Notes to the Financial Statements
110 Ford Motor Company | 2010 Annual Report
NOTE 9. ALLOWANCE FOR CREDIT LOSSES (Continued)
Ford Credit makes projections of two key assumptions to assist in estimating the consumer allowance for credit losses:
Frequency – the number of finance receivables that are expected to default over the loss emergence period,
measured as repossessions
Loss severity – the expected difference between the amount a customer owes when the finance contract is
charged off and the amount received, net of expenses from selling the repossessed vehicle, including any
recoveries from the customer
The consumer receivables portfolio allowance is evaluated primarily using a collective loss-to-receivables ("LTR")

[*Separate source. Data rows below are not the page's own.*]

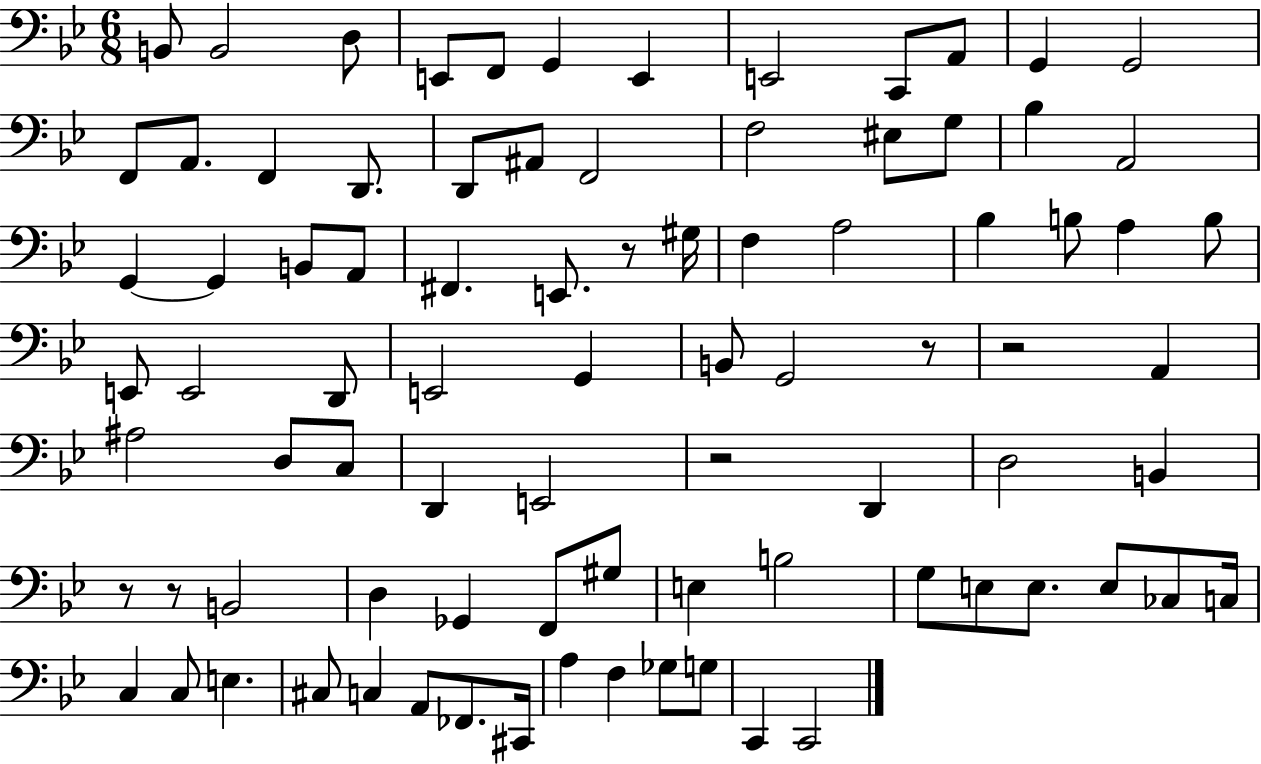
{
  \clef bass
  \numericTimeSignature
  \time 6/8
  \key bes \major
  b,8 b,2 d8 | e,8 f,8 g,4 e,4 | e,2 c,8 a,8 | g,4 g,2 | \break f,8 a,8. f,4 d,8. | d,8 ais,8 f,2 | f2 eis8 g8 | bes4 a,2 | \break g,4~~ g,4 b,8 a,8 | fis,4. e,8. r8 gis16 | f4 a2 | bes4 b8 a4 b8 | \break e,8 e,2 d,8 | e,2 g,4 | b,8 g,2 r8 | r2 a,4 | \break ais2 d8 c8 | d,4 e,2 | r2 d,4 | d2 b,4 | \break r8 r8 b,2 | d4 ges,4 f,8 gis8 | e4 b2 | g8 e8 e8. e8 ces8 c16 | \break c4 c8 e4. | cis8 c4 a,8 fes,8. cis,16 | a4 f4 ges8 g8 | c,4 c,2 | \break \bar "|."
}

model that based on historical experience indicates that credit losses have been incurred in the portfolio even though the
particular receivables that are uncollectible cannot be specifically identified. The LTR model is based on the most recent
years of history. Each LTR is calculated by dividing credit losses by average end-of-period receivables excluding
unearned interest supplements and allowance for credit losses. A weighted-average LTR is calculated for each class of
consumer receivables and multiplied by the end-of-period receivable balances for that given class.

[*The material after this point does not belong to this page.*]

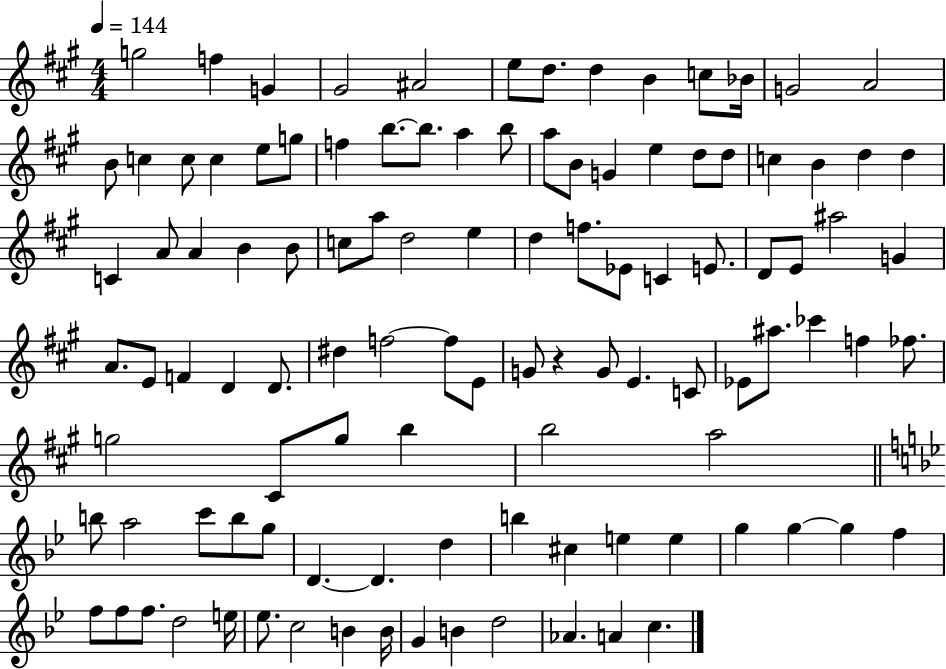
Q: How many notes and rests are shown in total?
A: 108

The loss emergence period ("LEP") is a key assumption within Ford Credit's models and represents the average
amount of time between when a loss event first occurs to when it is charged off. This time period starts when the
borrower begins to experience financial difficulty. It is evidenced later, typically through delinquency, before eventually
resulting in a charge-off. The loss emergence period is a multiplier in the calculation of the collective consumer allowance
for credit losses.
For consumer receivables greater than 120 days past due, the uncollectible portion of the receivable is charged-off, such
that the remaining recorded investment in the loan is equal to the estimated fair value of the collateral less costs to sell.
After the establishment of this allowance for credit losses, if management believes the allowance does not reflect all
losses inherent in the portfolio due to changes in recent economic trends and conditions, or other relevant factors, an
adjustment is made based on management judgment.
Non-Consumer Receivables
Ford Credit estimates the allowance for credit losses for non-consumer receivables based on historical LTR ratios,
expected future cash flows, and the fair value of collateral.
Collective Allowance for Credit Losses. Ford Credit estimates an allowance for non-consumer receivables that are not
specifically identified as impaired using a LTR model for each financing product based on historical experience. This LTR
is a weighted average of the most recent historical experience and is calculated consistent with the consumer receivables
LTR approach. All accounts that are specifically identified as impaired are excluded from the calculation of the non-
specific or collective allowance.
Specific Allowance for Impaired Receivables. The wholesale and dealer loan portfolio is evaluated by grouping
individual loans into risk pools determined by the risk characteristics of the loan (such as the amount of the loan, the
nature of the collateral, and the financial status of the debtor). The risk pools are analyzed to determine if individual loans
are impaired, and a specific allowance is estimated based on the present value of the expected future cash flows of the
receivable discounted at the loan's effective interest rate or the fair value of any collateral adjusted for estimated costs to
sell.
After establishment of the collective and the specific allowance for credit losses, if management believes the allowance
does not reflect all losses inherent in the portfolio due to changes in recent economic trends and conditions or other
relevant factors, an adjustment is made based on management judgment.